» What you should do
Count how many lines in the data hold the word "Ford", and give that number alone.

[Dataset records]
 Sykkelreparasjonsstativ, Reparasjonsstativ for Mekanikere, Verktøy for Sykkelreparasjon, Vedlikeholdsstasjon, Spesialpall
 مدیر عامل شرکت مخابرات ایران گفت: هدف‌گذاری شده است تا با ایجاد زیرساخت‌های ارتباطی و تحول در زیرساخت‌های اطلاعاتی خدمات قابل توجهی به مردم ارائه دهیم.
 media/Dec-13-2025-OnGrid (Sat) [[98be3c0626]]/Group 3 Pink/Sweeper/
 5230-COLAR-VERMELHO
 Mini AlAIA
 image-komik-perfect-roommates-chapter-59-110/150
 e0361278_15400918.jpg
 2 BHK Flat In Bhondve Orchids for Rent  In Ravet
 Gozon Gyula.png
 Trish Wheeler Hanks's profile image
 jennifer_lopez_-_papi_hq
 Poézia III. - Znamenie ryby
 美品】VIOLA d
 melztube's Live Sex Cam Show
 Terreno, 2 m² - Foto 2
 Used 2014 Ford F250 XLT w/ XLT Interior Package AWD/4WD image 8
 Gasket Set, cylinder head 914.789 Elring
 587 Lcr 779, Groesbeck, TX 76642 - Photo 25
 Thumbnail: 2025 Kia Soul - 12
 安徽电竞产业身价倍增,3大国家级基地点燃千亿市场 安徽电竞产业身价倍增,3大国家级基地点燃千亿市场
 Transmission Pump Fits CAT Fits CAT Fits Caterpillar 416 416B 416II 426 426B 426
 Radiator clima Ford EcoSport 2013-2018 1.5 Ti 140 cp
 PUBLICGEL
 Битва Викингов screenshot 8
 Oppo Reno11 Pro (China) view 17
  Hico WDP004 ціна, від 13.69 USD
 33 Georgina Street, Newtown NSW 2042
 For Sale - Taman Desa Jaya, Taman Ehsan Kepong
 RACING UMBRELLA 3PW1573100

» Result for this exercise
2